Checks that a 1-d frequency ndarray is well-formed, and raises errors if not.

Parameters:

frequencies : np.ndarray, shape=(n,)

Array of frequency values

max_freq : float

If a frequency is found above this pitch, a ValueError will be raised. (Default value = 5000.)

min_freq : float

If a frequency is found below this pitch, a ValueError will be raised. (Default value = 20.)

allow_negatives : bool

Whether or not to allow negative frequency values.

mir_eval.util.has_kwargs(function)

Determine whether a function has **kwargs.

Parameters:

function : callable

The function to test

Returns:

True if function accepts arbitrary keyword arguments.

False otherwise.

mir_eval.util.filter_kwargs(_function, *args, **kwargs)

Given a function and args and keyword args to pass to it, call the function but using only the keyword arguments which it accepts. This is equivalent to redefining the function with an additional **kwargs to accept slop keyword args.

If the target function already accepts **kwargs parameters, no filtering is performed.

Parameters:

_function : callable

Function to call. Can take in any number of args or kwargs

mir_eval.util.intervals_to_durations(intervals)

Converts an array of n intervals to their n durations.

Parameters:

intervals : np.ndarray, shape=(n, 2)

An array of time intervals, as returned by mir_eval.io.load_intervals(). The i th interval spans time intervals[i, 0] to intervals[i, 1].

Returns:

durations : np.ndarray, shape=(n,)

Array of the duration of each interval.

mir_eval.util.hz_to_midi(freqs)

Convert Hz to MIDI numbers

Parameters:

freqs : number or ndarray

Frequency/frequencies in Hz

Returns:

midi : number or ndarray

MIDI note numbers corresponding to input frequencies. Note that these may be fractional.

mir_eval.util.midi_to_hz(midi)

Convert MIDI numbers to Hz

Parameters:

midi : number or ndarray

MIDI notes

Returns:

freqs : number or ndarray

Frequency/frequencies in Hz corresponding to midi

mir_eval.io

Functions for loading in annotations from files in different formats.

mir_eval.io.load_delimited(filename, converters, delimiter='\\s+')

Utility function for loading in data from an annotation file where columns are delimited. The number of columns is inferred from the length of the provided converters list.

Parameters:

filename : str

Path to the annotation file

converters : list of functions

Each entry in column n of the file will be cast by the function converters[n].

delimiter : str

Separator regular expression. By default, lines will be split by any amount of whitespace.

Returns:

columns : tuple of lists

Each list in this tuple corresponds to values in one of the columns in the file.

Examples

>>> # Load in a one-column list of event times (floats)
>>> load_delimited('events.txt', [float])
>>> # Load in a list of labeled events, separated by commas
>>> load_delimited('labeled_events.csv', [float, str], ',')
mir_eval.io.load_events(filename, delimiter='\\s+')

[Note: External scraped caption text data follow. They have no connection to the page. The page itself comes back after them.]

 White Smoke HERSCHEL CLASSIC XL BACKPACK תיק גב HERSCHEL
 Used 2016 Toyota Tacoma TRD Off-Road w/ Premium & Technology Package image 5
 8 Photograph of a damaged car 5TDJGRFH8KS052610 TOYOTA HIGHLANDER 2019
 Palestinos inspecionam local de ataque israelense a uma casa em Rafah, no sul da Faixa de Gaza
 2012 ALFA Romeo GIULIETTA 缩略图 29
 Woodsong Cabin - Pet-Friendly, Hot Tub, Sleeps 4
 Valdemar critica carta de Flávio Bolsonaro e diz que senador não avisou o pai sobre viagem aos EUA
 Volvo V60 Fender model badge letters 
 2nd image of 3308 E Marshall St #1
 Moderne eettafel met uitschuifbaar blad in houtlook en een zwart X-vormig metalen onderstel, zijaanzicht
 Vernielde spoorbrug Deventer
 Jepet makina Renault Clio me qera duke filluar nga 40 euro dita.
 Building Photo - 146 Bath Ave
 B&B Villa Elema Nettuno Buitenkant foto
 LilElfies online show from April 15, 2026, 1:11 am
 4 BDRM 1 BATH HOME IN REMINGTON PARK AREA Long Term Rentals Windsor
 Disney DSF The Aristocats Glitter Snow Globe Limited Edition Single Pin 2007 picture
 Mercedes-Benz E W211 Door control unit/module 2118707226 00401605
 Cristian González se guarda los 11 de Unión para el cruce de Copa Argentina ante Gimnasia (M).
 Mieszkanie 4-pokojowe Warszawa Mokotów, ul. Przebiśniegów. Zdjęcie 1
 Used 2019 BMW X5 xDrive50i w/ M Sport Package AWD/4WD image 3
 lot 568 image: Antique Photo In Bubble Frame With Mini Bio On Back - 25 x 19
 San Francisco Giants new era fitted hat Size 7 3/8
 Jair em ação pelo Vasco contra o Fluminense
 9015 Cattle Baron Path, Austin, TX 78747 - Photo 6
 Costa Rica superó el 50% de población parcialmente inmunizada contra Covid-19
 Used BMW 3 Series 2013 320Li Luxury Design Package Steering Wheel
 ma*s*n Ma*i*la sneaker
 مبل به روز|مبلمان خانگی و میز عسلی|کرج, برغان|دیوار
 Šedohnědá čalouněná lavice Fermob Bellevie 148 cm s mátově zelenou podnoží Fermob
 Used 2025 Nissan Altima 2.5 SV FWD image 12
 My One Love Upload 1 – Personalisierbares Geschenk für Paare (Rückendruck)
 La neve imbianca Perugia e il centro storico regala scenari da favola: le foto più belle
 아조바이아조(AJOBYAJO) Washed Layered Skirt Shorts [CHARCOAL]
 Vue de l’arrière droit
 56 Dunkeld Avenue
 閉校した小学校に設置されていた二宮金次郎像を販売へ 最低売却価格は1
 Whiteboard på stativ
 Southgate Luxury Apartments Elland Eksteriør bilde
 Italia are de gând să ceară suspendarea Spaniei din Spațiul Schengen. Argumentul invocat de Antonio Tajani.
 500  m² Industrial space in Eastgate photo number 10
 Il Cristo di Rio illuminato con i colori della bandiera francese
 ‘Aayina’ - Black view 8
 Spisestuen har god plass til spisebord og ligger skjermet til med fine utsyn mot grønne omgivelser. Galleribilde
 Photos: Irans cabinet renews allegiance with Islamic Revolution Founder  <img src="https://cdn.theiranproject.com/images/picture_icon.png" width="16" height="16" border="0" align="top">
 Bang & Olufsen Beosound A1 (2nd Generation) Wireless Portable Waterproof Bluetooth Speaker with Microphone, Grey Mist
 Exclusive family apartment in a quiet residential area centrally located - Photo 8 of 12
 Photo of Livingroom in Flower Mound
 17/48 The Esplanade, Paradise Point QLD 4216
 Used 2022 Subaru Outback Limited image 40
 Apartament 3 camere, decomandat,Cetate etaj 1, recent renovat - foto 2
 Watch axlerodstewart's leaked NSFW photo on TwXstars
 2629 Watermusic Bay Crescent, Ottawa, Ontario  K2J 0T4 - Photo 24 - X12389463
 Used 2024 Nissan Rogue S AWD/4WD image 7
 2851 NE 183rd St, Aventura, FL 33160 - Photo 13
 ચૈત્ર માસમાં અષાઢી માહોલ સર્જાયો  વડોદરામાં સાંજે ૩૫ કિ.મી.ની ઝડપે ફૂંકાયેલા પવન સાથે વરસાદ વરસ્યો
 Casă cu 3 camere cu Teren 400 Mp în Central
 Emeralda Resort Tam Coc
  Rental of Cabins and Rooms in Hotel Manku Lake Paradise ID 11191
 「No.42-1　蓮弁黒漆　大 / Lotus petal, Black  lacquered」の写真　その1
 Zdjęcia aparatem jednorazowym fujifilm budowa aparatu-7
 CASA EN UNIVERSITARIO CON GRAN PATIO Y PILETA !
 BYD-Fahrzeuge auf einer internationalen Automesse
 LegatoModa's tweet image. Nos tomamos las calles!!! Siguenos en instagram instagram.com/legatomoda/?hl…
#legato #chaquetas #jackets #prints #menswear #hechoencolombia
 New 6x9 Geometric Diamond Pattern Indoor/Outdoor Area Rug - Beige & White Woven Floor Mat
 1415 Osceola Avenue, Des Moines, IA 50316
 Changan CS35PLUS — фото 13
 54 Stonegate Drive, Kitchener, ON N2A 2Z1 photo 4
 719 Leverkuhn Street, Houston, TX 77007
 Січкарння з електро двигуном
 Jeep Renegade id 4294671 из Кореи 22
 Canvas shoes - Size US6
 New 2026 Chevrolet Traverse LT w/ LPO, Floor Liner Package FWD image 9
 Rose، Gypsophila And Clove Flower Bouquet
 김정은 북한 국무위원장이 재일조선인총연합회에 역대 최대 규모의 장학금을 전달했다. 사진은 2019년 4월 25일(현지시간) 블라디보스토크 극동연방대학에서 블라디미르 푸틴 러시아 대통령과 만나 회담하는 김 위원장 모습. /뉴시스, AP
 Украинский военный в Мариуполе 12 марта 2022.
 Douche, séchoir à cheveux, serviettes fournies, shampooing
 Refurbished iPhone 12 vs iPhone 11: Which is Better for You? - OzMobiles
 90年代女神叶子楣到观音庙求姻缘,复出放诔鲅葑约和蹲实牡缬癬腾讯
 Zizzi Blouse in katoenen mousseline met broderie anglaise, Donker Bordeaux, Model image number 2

Import time-stamp events from an annotation file. The file should consist of a single column of numeric values corresponding to the event times. This is primarily useful for processing events which lack duration, such as beats or onsets.

Parameters:

filename : str

Path to the annotation file

delimiter : str

Separator regular expression. By default, lines will be split by any amount of whitespace.

Returns:

event_times : np.ndarray

array of event times (float)

mir_eval.io.load_labeled_events(filename, delimiter='\\s+')

Import labeled time-stamp events from an annotation file. The file should consist of two columns; the first having numeric values corresponding to the event times and the second having string labels for each event. This is primarily useful for processing labeled events which lack duration, such as beats with metric beat number or onsets with an instrument label.

Parameters:

filename : str

Path to the annotation file

delimiter : str

Separator regular expression. By default, lines will be split by any amount of whitespace.

Returns:

event_times : np.ndarray

array of event times (float)

labels : list of str

list of labels

mir_eval.io.load_intervals(filename, delimiter='\\s+')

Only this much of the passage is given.